A growing number of companies are deploying sophisticated predictive models powered by artificial intelligence and machine learning, and many are using them to inform critical decisions.
Yet even the most advanced models couldn’t predict the arrival of the COVID-19 pandemic or Russia’s invasion of Ukraine — which serve as ongoing reminders of the limitations that come with trying to foretell the future.
Predictive models are based on data from past events and used to project future outcomes, but they must evolve to account for complex situations and environments.
Events that are inherently unpredictable aren’t preceded by any other data points, creating a bias in model output toward “safe and predictable” outcomes.
Companies that base their operations on such outcomes are inevitably caught off-guard when unforeseen circumstances arise, and the results can be detrimental.
The current supply chain crisis provides a salient example of the dangers facing companies that place too much faith in predictive modeling.
Supply chains, in particular, are geared toward predictability, and most aren’t resilient to disruption.
The product supply shortages that sent consumers into a panic early in the pandemic and the current microchip shortage now plaguing manufacturers are two of the latest hits to a global supply chain that has experienced ongoing disruption. Still, they likely won’t be the last.
The business landscape, and the world, are increasingly defined by the unpredictable.
As complex challenges proliferate, the business environment is evolving into one that is altogether chaotic.
Companies that rely on predictive models to drive decision-making in a chaotic environment must develop organizational resilience because models are always reflective of the organizations leveraging them.
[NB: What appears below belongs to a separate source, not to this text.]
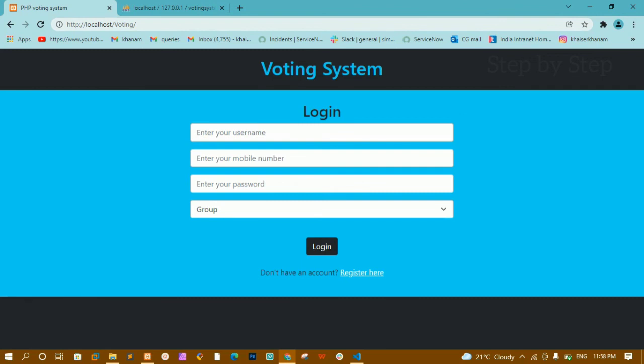This is how the logout session works, and this is the simple voting system. We are done with all the parts of this project. Now finally we are going to do a revision of this entire project and then close it. That's all for today's tutorial. Thank you for listening. Have a great day.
When it comes to the supply chain crisis — added resilience could be gained by building a distributed supply chain model. A distributed supply chain model may mitigate the negative impacts of disruption in any one place.
While historical data might not be sufficient for creating models that can forecast disruption before it occurs, enterprises can still run experiments to predict the impact of potential disruptions in pursuit of better experiences.
Businesses can then use the outcomes of these experiments to build contingency plans to ensure success and be better prepared when the unexpected inevitably occurs.
As complexity increases, the amount of data generated by modern enterprises will likewise increase.
Eventually, organizations will have such vast quantities of data that are deriving actionable value from their information will be nearly impossible without a method and platform that can corral it all to find value.
Predictive modeling might still serve some enterprises today. Still, ultimately it should be a stepping stone to a prescriptive modeling approach — one that doesn’t just project possibilities but also pinpoints appropriate responses.
Humans have evolved to operate in a world that is complicated but linear. Consequently, when we encounter genuinely complex problems, we tend to approach them in a linear fashion.
However, data can help us develop custom business and technology solutions by giving us the ability to test our environment.
Rather than preconceived notions, experimentation allows us to roll up our sleeves and act on probabilities that account for the unexpected. The more data we can leverage, the more we can learn about the levels of complexity shaping our environment and take action accordingly.
When business leaders take the time to thoroughly test model outcomes based on inputs that reflect a chaotic state, complexity reveals itself.
However, this approach doesn’t come naturally. In most cases, it will require organizations to reevaluate their relationship with their data. Here are three ways they can do that:
When conducting modeling activities, I’m often reminded of the adage, “All models are wrong; some are useful.” Not even the most sophisticated models will yield entirely accurate predictions because data from the past constantly feed them.
Rather than treating model outputs as concrete evidence of what’s ahead, they should be viewed as indicators of what’s possible.
When using models to inform critical decisions, leaders should test a range of inputs to understand where optimizations can be made.
A business going down one path might use the operational status quo as a control and then test inputs that reflect hypothetical changes — internal processes, people, or some other metric — to see what different paths open up.
The more inputs an organization can test, the more insight they can gain about the strengths and weaknesses of their operations.
Sometimes, even companies that engage in testing fail to make the right decisions — usually because they resort to acting on preconceived notions rather than the data at hand.
The Case of the Seriously Flawed Data
When leaders have already invested in a plan based on one expected outcome, they might be more inclined to trust their instincts than the output of a model, suggesting their plan has serious flaws.
However, by remaining patient and continually gathering more data to inform their models, they can get a more accurate sense of the true nature of the environment they’re operating within and make more innovative plans for navigating it.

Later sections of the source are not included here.